* [PATCH net-next 0/2] Add pgtable API to query if write combining is available
@ 2014-10-01 14:54 Or Gerlitz
2014-10-01 14:54 ` [PATCH net-next 1/2] pgtable: Add " Or Gerlitz
2014-10-01 14:54 ` [PATCH net-next 2/2] net/mlx4_core: Disable BF when write combining is not available Or Gerlitz
0 siblings, 2 replies; 6+ messages in thread
From: Or Gerlitz @ 2014-10-01 14:54 UTC (permalink / raw)
To: David S. Miller
Cc: netdev, Amir Vadai, Jack Morgenstein, Moshe Lazer, Tal Alon,
Yevgeny Petrilin, Or Gerlitz
Currently the kernel write-combining interface provides a best effort
mechanism in which the caller simply invokes pgprot_writecombine().

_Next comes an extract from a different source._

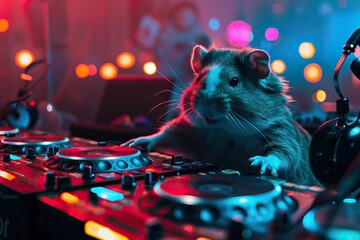 DJ hamster spinning tracks in a futuristic club. Hamster combat concept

If write combining is available, the region is mapped for it, otherwise
the region is (silently) mapped as non-cached. In some cases, however,
the calling driver must know if write combining is available, so a silent
best effort mechanism is not sufficient. Add writecombine_available(), which
returns 1 if the system supports write combining and 0 if it doesn't.
In mlx4 for better latency, we write send descriptors to a write-combining
(WC) mapped buffer instead of ringing a doorbell and having the HW fetch
the descriptor from system memory.
However, if write-combining is not supported on the host, then we
obtain better latency by using the doorbell-ring/HW fetch mechanism.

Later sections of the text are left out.